Son adoption aurait été un signal fort envoyé aux Etats membres et notamment à ceux tentés par le statu quo voir des reculs en matière de droits des femmes à disposer de leur corps. Notons en effet que les situations sont très diversifiées et qu’à Malte, en Pologne et en Irlande l’avortement est interdit ou son accès excessivement limité.


La performance d’une femme militant contre la loi anti-avortement en Espagne

L’égal accès aux droits et le principe de non-discrimination en matière sexuelle sont pourtant deux conditions non discutables du respect de la dignité humaine, rappelés par la Charte des droits fondamentaux à laquelle l’Union européenne a conféré la même valeur juridique que les traités et à laquelle les Etats sont soumis. Nombreuses sont d’ailleurs les directives européennes qui, s’appuyant sur ces principes, ont permis de faire progresser significativement les droits nationaux dans le sens de l’égalité en matière d’accès à l’éducation et à la formation, au marché de l’emploi, de conditions de travail, ou de reconnaissance des violences de genre.

Malgré cela, face aux discriminations qui perdurent en matière d’inégalités professionnelles, d’accès aux responsabilités, de droits familiaux ou d’exposition aux violences sexuelles, l’Europe comme espace de droits pour les 250 millions d’européennes reste toujours à construire. Dans ce cadre, n’ayons pas peur de réaffirmer que l’égalité des droits sexuels et reproductifs, le libre droit à disposer de son corps, est un principe incontournable. Nous refusons l’hypocrisie de penser qu’il s’agit d’un simple enjeu sanitaire pouvant être réglé à l’intérieur de frontières nationales, ni ne pouvons fermer plus longtemps les yeux sur les bus qui amènent les Françaises se faire inséminer en Espagne, et bientôt les Espagnoles se faire avorter en France.

Dans ce combat, la France, qui s’apprête à réaffirmer le droit à l’avortement en supprimant la condition paternaliste de « détresse » tombée en désuétude, qui a adopté à l’initiative des députés socialistes le principe de la « clause de l’européenne la plus favorisée » selon laquelle chaque femme doit pouvoir bénéficier de la législation européenne la plus protectrice pour ses droits fondamentaux et qui vient d’adopter une nouvelle feuille de route pour faire progresser l’égalité dans l’ensemble des politiques publiques, doit reprendre le flambeau abandonné par l’Espagne.

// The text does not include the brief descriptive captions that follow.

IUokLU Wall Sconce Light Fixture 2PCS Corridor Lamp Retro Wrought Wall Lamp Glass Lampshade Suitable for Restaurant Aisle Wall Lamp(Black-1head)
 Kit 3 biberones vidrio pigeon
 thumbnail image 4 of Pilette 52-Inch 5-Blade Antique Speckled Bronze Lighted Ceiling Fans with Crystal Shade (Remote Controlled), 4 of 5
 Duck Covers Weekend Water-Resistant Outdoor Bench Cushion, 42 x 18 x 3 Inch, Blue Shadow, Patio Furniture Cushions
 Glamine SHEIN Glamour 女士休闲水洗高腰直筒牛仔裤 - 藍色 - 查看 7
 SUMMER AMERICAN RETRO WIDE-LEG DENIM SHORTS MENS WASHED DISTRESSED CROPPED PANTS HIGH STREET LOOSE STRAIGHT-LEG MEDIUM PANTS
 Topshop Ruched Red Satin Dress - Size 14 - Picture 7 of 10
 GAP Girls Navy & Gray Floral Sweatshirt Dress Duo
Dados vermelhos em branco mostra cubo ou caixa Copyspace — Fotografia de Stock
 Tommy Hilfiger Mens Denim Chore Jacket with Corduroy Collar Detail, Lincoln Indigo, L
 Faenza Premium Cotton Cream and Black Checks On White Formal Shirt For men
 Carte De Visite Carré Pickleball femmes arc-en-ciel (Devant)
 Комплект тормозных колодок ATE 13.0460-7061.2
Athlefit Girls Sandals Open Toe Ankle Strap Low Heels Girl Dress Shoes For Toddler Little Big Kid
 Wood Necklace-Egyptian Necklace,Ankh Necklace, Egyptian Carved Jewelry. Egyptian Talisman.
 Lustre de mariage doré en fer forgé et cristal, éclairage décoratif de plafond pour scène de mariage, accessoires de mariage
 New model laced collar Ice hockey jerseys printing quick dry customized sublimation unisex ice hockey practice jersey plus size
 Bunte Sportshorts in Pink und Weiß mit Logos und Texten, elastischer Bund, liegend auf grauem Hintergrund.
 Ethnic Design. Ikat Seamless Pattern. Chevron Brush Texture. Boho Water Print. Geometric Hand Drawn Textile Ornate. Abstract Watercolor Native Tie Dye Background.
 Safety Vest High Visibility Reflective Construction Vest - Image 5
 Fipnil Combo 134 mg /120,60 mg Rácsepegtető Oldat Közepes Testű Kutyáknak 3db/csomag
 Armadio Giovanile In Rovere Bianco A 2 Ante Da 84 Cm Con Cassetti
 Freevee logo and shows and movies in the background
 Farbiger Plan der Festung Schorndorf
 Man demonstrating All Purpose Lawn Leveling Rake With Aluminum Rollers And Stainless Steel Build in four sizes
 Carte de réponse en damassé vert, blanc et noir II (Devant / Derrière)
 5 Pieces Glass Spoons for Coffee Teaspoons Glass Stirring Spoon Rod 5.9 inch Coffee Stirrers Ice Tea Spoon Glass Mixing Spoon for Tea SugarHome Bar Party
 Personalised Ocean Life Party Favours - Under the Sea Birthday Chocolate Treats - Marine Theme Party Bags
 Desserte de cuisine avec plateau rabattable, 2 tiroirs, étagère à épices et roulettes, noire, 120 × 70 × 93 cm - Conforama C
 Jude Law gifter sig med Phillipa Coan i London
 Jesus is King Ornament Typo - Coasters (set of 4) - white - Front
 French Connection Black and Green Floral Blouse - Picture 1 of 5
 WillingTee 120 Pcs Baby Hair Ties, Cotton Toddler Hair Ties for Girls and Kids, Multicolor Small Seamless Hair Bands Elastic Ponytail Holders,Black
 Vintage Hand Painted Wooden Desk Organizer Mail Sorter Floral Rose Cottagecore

Donner à l’Europe une majorité progressiste, c’est considérer que les droits fondamentaux qui sous-tendent nos valeurs communes doivent être protégés au niveau européen contre toute remise en cause, dans tel ou tel pays, au gré des changements de majorité. Voila pourquoi cette Europe des Droits des femmes doit être un enjeu de la campagne qui conduira les citoyens, le 25 mai prochain, à choisir leurs représentants.